-- Data supplied follows --
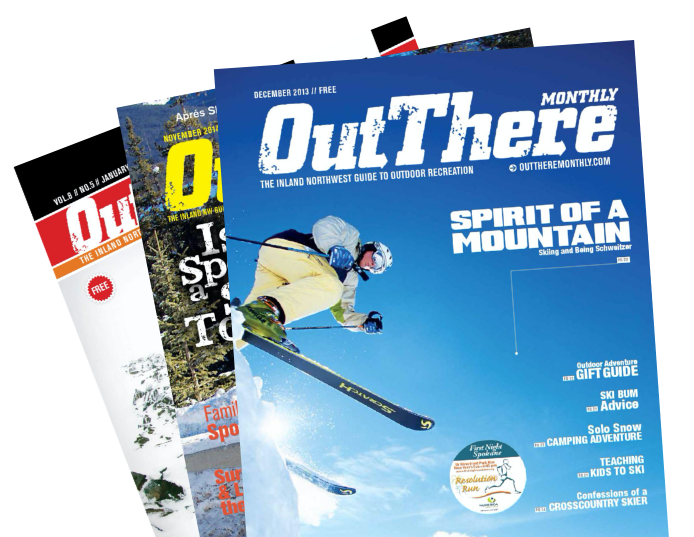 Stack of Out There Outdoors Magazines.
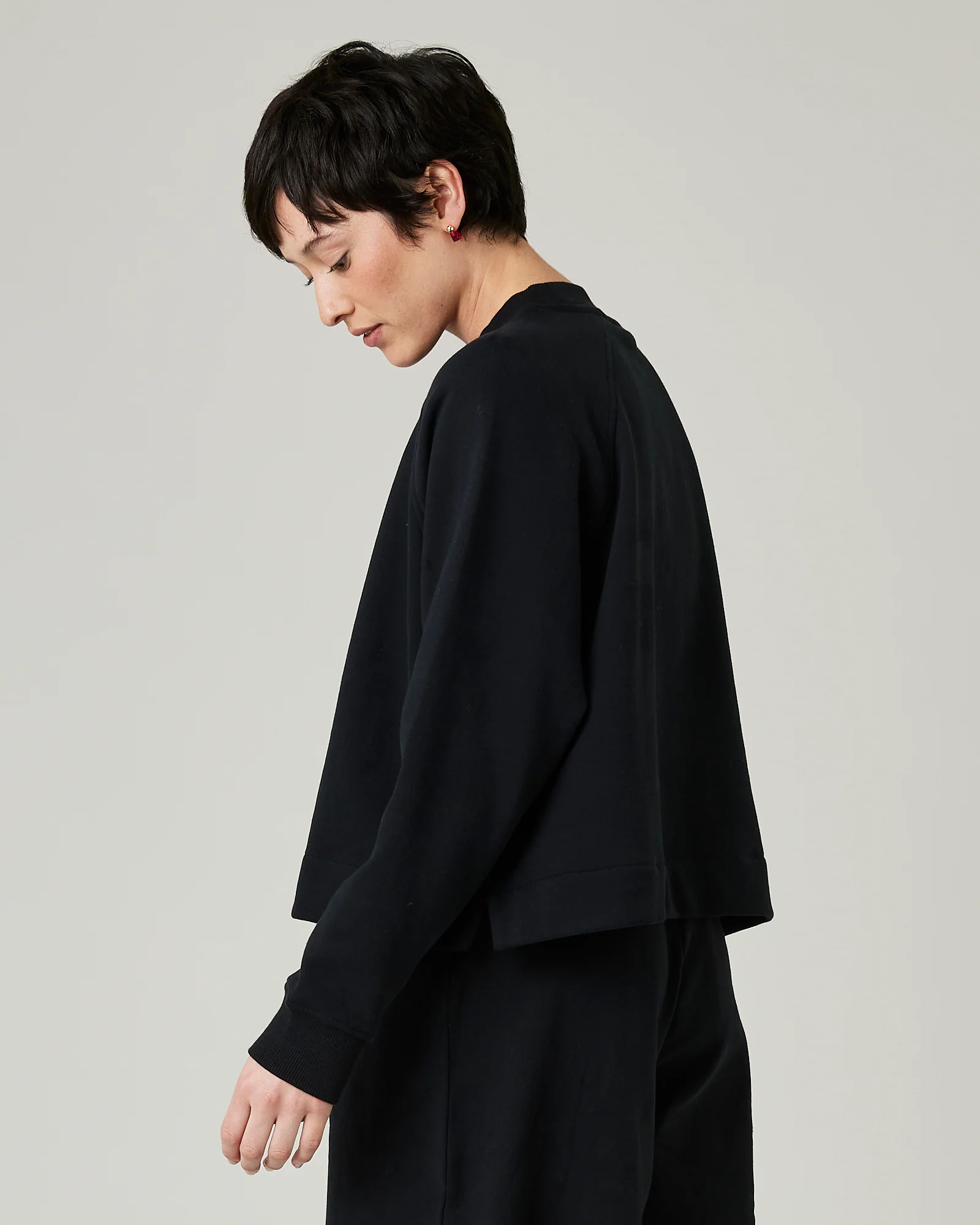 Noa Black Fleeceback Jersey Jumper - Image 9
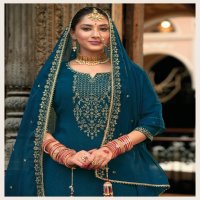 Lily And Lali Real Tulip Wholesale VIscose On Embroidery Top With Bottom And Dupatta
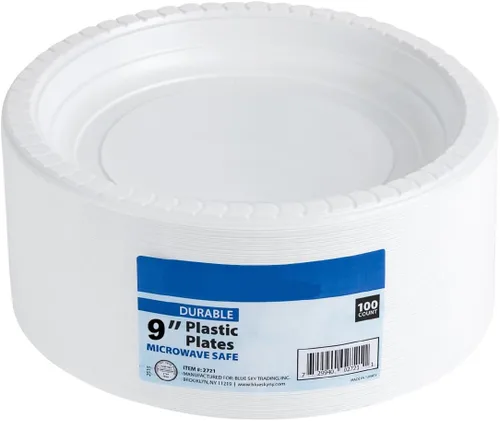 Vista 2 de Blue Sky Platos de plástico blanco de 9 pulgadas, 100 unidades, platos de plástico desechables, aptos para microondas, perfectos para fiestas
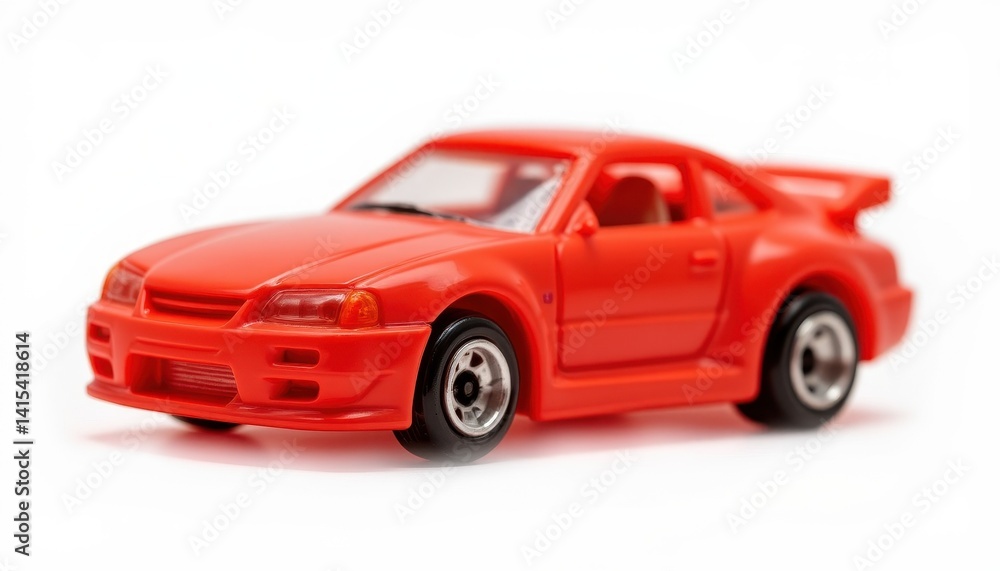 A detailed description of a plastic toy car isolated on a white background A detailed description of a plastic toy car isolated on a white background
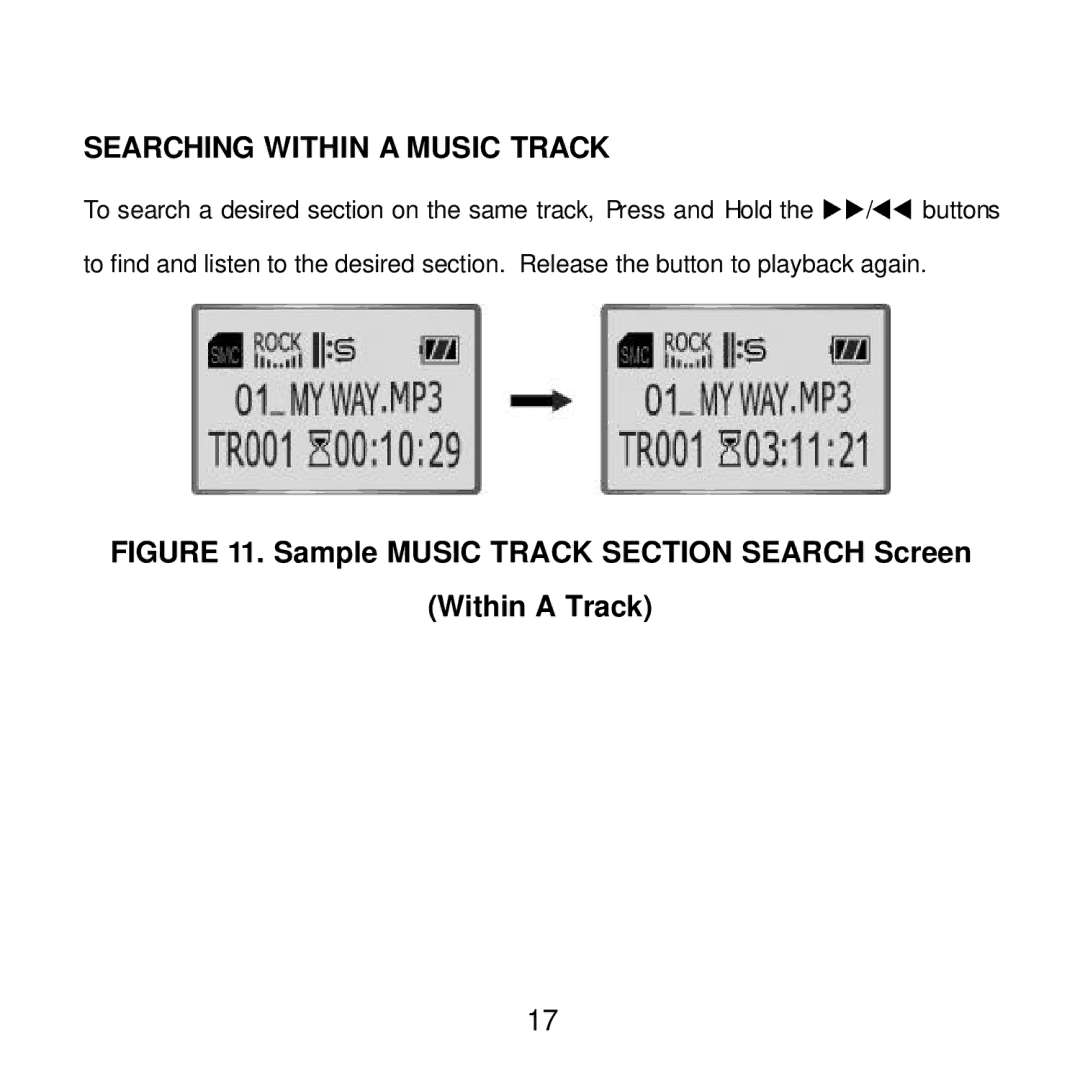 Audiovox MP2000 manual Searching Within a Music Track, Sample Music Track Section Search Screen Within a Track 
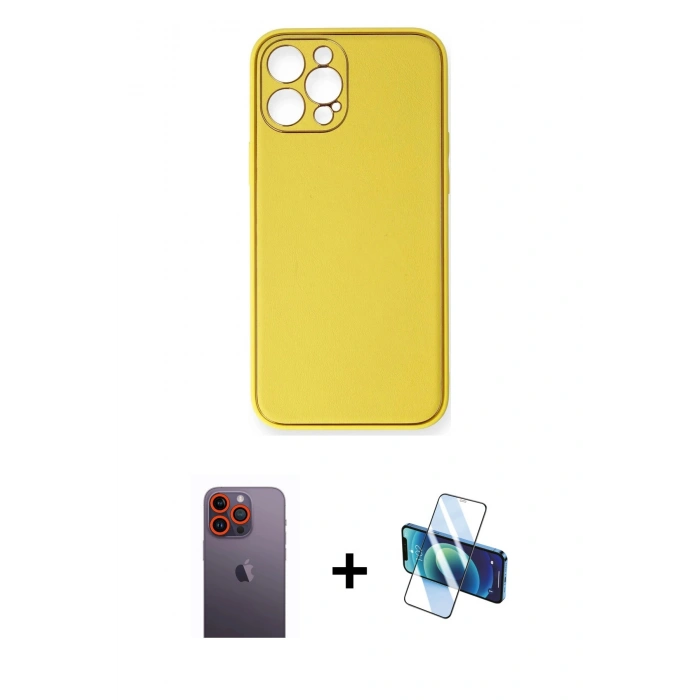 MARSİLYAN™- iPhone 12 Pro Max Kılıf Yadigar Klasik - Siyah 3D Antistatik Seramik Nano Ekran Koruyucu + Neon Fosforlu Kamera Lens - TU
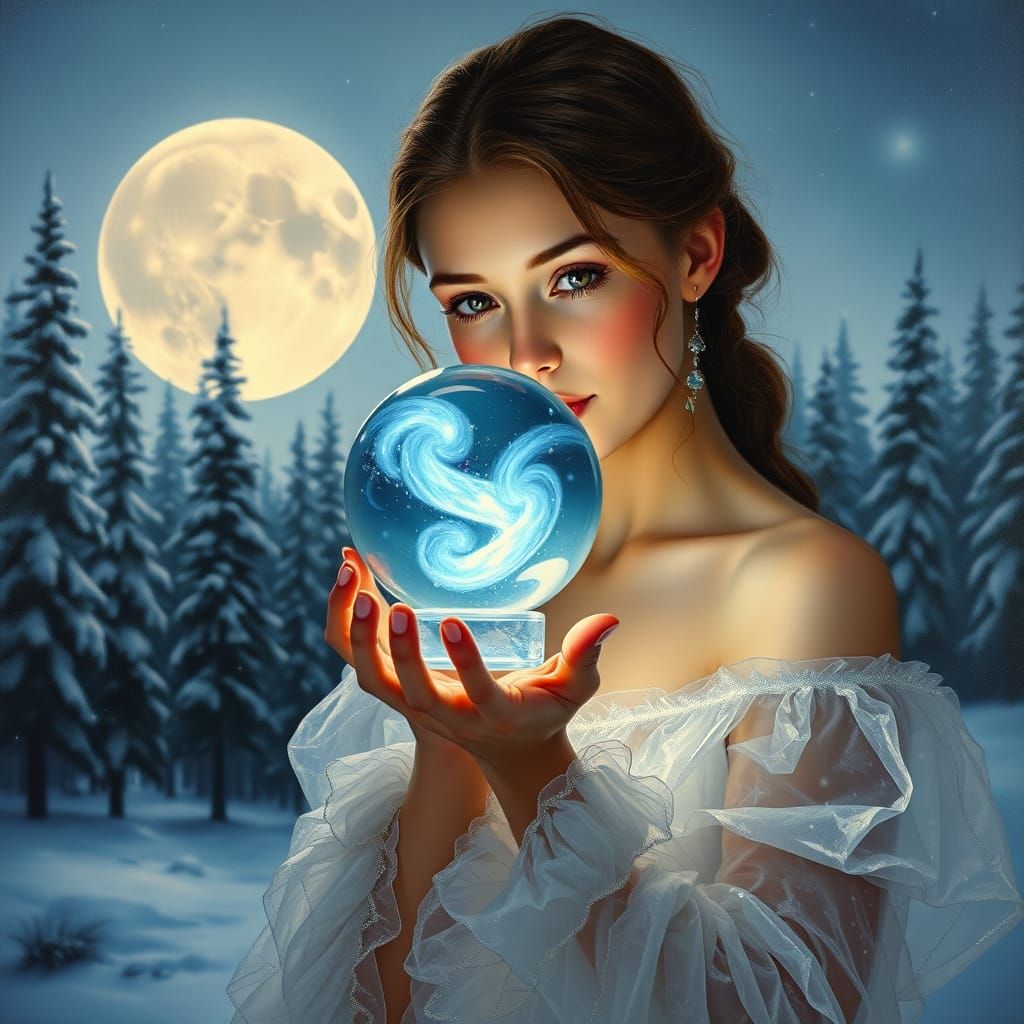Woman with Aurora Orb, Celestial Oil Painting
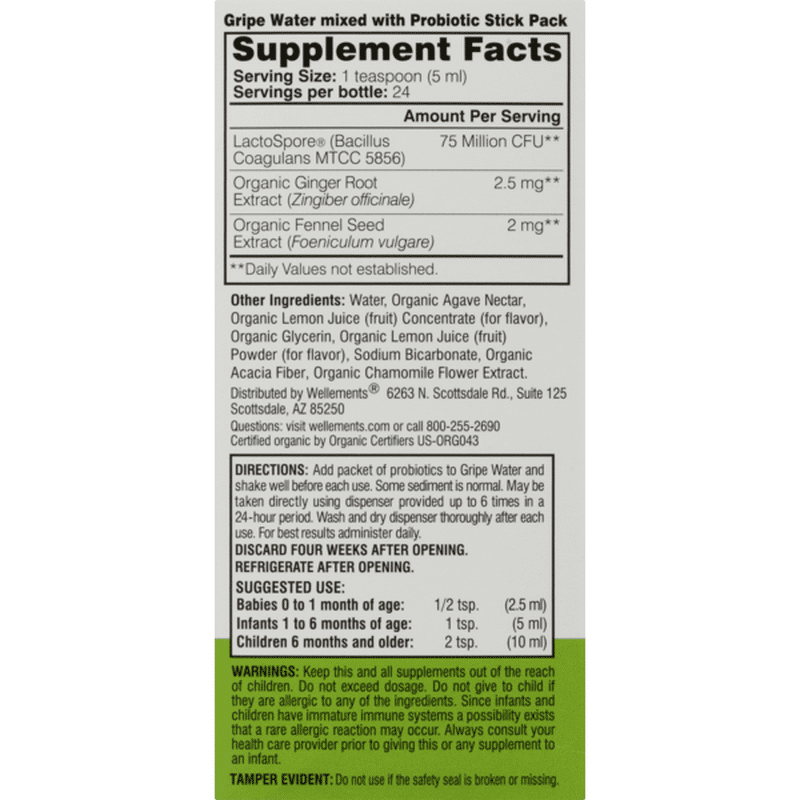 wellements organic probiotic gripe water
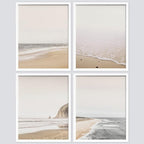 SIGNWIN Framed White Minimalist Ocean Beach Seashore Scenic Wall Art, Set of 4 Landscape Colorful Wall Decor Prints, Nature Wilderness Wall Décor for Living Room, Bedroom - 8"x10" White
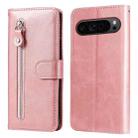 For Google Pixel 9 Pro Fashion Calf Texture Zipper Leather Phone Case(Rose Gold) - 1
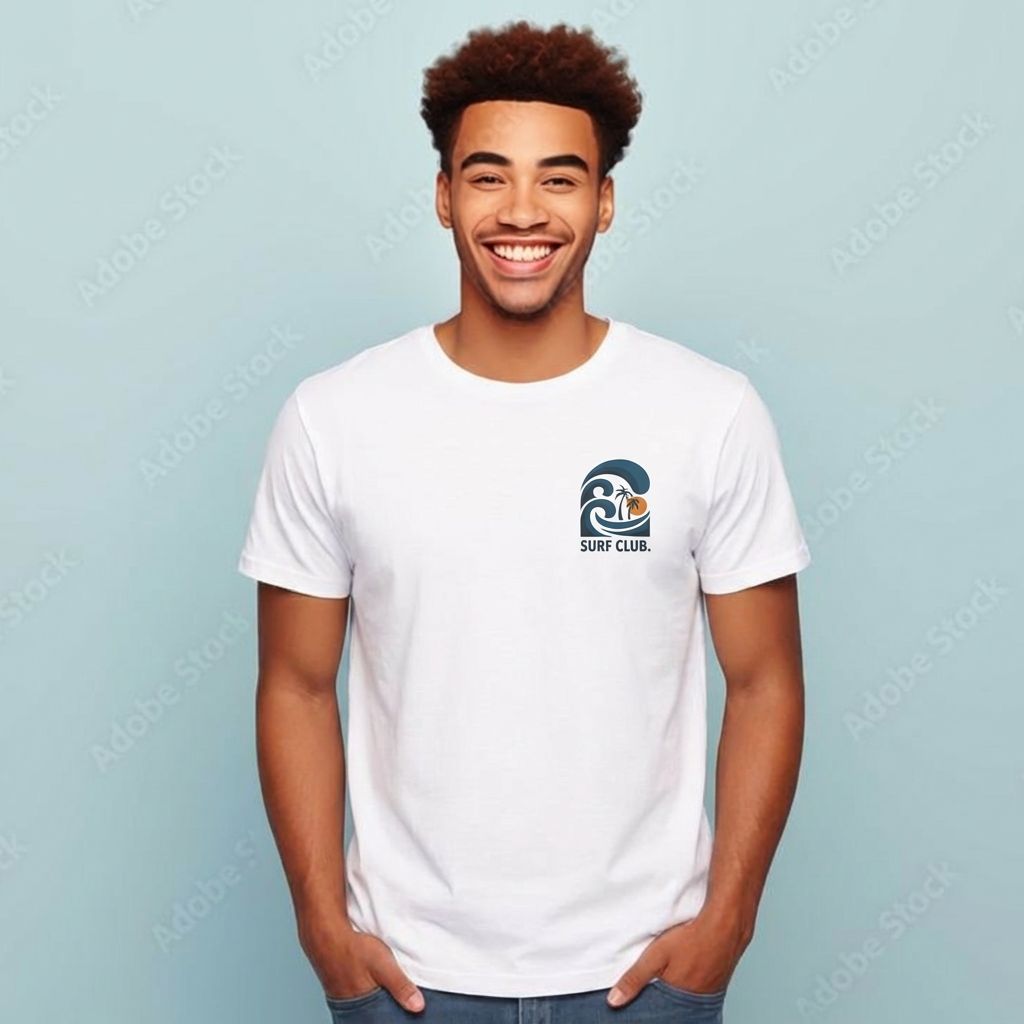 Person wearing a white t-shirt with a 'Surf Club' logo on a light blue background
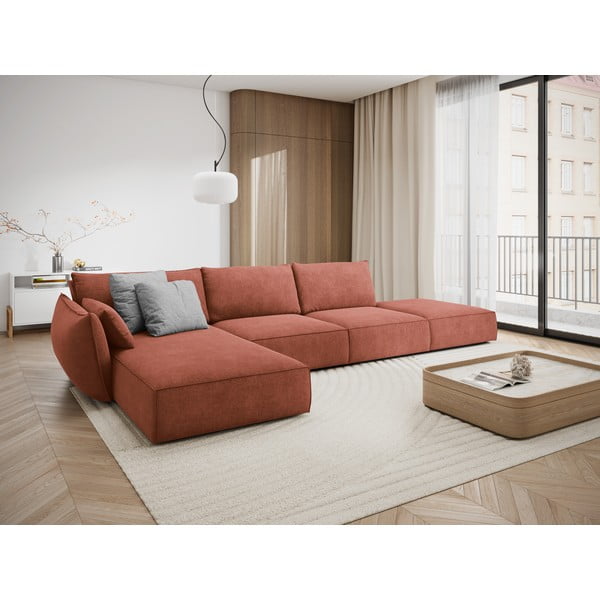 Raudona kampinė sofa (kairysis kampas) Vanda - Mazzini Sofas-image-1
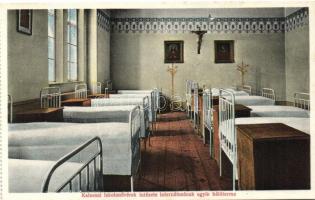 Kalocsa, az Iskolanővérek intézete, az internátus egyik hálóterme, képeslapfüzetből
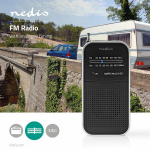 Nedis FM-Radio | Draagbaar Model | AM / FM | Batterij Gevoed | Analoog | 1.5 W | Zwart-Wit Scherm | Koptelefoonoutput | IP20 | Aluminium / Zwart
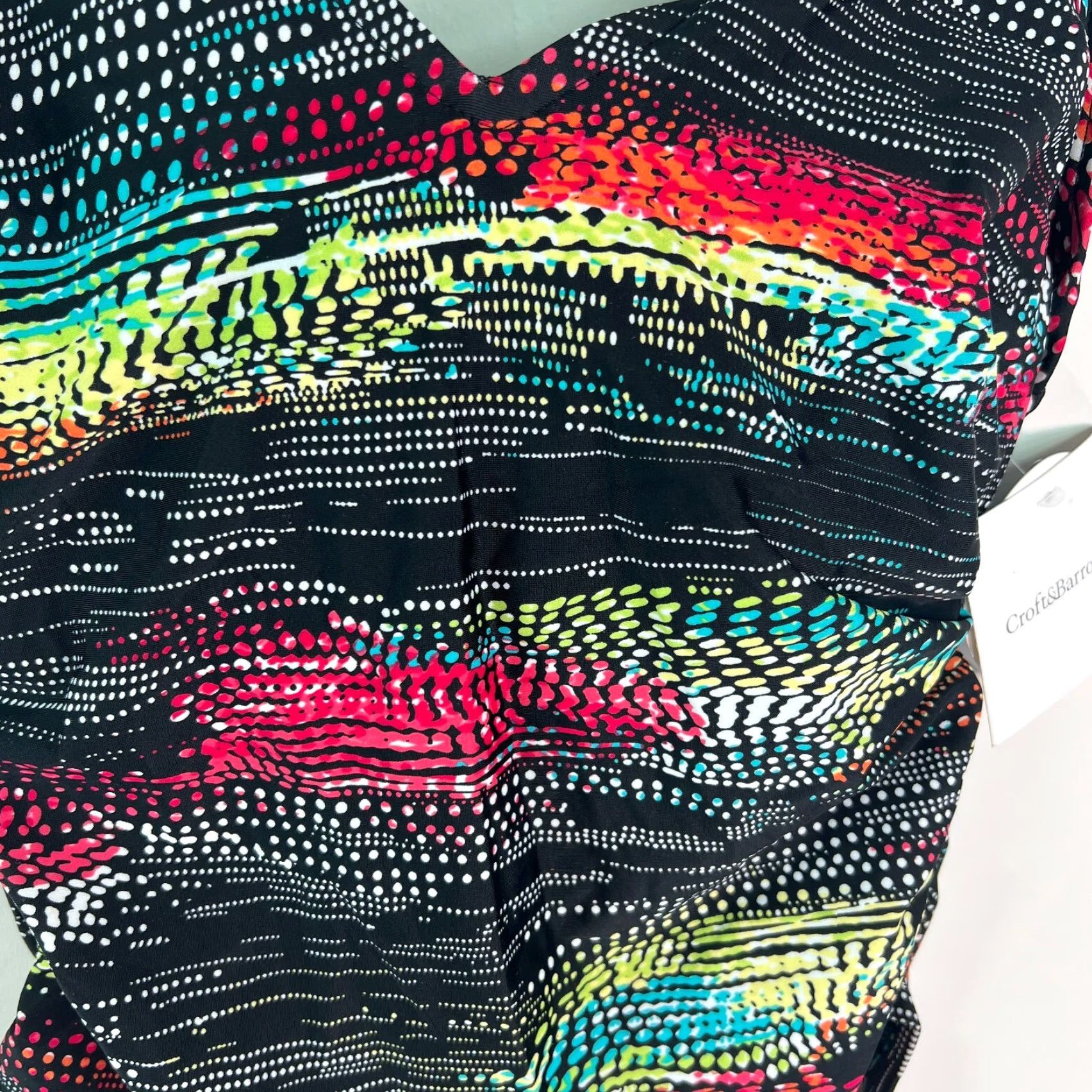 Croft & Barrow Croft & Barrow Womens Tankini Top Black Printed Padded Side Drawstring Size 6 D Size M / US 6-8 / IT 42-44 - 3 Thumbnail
-- Data supplied concluded --
▸ **Problem requirements**
Since the pictures are not part of the copy, please transcribe only the lines above from the one with "MARSİLYAN™- iPhone 12" through the one with "wellements organic probiotic gripe water", exactly and with both ends.

▸ **Solved exercise**
 MARSİLYAN™- iPhone 12 Pro Max Kılıf Yadigar Klasik - Siyah 3D Antistatik Seramik Nano Ekran Koruyucu + Neon Fosforlu Kamera Lens - TU
Woman with Aurora Orb, Celestial Oil Painting
 wellements organic probiotic gripe water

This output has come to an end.